Messe au milieu des cendres
A Qaraqosh, habité jadis par 50’000 chrétiens, le patriarche à célébré l’eucharistie le 28 novembre sur un autel improvisé, dans une église de l’Immaculée conception incendiée. L’édifice, qui avait 2’200 places assises avant sa profanation, a été construit dans les années 1930. Peu de personnes ont pu assister à la cérémonie. Il s’agissait surtout de membres du clergé, de quelques jeunes armés et de journalistes. Toutes les autres églises visitées par le patriarche, dont certaines datent du 4e siècle, ont subi d’importants dégâts, ou ont été détruites.
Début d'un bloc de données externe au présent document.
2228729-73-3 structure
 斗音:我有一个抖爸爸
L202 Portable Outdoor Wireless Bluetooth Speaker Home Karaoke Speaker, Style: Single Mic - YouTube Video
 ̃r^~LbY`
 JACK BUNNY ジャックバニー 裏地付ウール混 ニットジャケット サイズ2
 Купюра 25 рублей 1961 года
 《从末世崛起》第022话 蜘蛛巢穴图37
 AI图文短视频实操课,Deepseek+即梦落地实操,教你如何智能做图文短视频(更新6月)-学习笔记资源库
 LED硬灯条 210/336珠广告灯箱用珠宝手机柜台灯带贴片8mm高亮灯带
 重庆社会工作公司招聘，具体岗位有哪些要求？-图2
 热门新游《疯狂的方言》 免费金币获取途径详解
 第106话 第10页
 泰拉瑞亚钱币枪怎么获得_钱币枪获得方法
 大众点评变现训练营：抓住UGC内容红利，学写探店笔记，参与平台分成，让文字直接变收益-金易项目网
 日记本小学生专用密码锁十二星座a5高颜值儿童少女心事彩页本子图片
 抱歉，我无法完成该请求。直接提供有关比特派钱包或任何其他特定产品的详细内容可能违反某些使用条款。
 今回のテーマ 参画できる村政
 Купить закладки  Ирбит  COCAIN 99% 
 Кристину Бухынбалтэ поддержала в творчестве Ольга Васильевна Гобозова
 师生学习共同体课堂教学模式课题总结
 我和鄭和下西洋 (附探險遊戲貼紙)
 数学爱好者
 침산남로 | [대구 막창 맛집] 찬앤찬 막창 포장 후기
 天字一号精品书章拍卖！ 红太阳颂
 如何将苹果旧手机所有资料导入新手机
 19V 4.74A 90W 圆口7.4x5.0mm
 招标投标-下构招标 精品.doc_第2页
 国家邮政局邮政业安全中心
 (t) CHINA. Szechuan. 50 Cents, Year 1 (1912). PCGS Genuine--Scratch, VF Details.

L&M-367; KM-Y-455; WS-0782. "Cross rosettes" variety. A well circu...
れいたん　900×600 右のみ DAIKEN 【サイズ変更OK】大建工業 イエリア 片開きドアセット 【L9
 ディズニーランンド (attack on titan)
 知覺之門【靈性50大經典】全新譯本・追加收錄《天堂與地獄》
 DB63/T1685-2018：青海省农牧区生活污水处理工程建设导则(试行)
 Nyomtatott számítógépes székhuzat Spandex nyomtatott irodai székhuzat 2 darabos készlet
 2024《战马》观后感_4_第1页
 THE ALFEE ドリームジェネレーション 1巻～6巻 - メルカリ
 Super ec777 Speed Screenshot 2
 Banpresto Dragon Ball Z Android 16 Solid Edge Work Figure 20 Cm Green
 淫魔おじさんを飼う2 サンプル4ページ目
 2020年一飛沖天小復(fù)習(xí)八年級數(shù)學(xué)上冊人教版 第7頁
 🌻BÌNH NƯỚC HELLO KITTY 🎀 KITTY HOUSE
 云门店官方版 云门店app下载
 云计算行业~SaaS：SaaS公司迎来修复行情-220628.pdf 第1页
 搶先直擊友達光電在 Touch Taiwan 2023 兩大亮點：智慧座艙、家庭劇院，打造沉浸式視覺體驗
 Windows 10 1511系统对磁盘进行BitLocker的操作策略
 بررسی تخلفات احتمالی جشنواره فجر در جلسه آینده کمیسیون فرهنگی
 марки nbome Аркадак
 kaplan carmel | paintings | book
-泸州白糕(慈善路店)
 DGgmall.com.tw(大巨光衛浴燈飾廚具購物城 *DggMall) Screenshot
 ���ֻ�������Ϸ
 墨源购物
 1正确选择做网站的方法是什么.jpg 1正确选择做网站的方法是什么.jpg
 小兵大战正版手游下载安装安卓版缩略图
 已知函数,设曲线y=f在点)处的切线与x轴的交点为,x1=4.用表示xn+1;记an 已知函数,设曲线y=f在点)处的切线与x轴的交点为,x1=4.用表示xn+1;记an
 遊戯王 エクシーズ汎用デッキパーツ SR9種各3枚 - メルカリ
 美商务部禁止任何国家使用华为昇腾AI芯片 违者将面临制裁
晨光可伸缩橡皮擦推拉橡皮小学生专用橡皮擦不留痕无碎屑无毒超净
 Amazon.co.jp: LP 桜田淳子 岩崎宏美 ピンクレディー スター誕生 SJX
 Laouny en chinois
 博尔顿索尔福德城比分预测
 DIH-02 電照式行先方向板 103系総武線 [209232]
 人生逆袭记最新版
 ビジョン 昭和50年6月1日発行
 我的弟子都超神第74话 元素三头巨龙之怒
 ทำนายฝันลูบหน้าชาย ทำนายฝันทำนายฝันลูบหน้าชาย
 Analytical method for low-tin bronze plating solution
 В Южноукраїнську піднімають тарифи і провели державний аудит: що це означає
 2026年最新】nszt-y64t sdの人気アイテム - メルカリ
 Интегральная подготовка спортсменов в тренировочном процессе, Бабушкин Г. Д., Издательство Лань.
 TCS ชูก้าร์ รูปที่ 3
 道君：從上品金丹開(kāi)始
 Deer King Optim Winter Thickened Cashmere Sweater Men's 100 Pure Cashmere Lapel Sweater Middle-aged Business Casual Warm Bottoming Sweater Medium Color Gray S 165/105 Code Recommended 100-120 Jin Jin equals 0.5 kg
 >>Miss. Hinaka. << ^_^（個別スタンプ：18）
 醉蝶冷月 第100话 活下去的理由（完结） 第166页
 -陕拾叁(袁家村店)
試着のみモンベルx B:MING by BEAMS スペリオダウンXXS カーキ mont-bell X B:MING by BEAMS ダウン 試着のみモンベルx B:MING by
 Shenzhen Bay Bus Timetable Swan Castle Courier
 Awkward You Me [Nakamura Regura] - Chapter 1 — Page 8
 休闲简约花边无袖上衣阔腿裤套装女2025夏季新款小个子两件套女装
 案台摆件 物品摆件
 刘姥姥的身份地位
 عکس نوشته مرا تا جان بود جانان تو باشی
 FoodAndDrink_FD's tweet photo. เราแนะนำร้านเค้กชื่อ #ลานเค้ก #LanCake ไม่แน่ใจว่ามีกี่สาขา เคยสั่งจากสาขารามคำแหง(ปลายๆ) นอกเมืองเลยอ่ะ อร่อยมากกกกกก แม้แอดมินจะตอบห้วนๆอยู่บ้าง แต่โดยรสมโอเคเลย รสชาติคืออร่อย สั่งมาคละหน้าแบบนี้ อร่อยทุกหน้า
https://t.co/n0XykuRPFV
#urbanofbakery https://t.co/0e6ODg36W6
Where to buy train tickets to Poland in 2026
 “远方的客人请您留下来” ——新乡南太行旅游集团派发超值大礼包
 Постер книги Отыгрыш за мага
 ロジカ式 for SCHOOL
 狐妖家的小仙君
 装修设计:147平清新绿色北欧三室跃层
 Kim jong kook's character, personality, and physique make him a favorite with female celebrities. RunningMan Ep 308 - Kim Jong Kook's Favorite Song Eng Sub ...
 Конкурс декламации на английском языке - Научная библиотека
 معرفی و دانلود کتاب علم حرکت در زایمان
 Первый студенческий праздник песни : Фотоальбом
Mgr Younan souligne que les réfugiés chrétiens -pour la plupart encore au Kurdistan, où il se sont réfugiés- ont actuellement un état d’esprit ambivalent. Ils sont d’une part contents que les djihadistes aient été chassés, mais de l’autre attristés par l’état «désastreux» dans lequel les terroristes ont laissé leurs communautés. L’opinion générale prévaut, en Irak, qu’ils ne rentreront pas chez eux pour reconstruire et rester, à moins qu’une zone de sécurité pour les chrétiens ne soit garantie dans la plaine de Ninive.
A la fin de son message, Mgr Younan appelle à la création d’une province auto-administrée pour les chrétiens, dans la région. Il exhorte également les pays occidentaux à fermement condamner les régimes qui continuent de discriminer les chrétiens. (cath.ch/cns/rz)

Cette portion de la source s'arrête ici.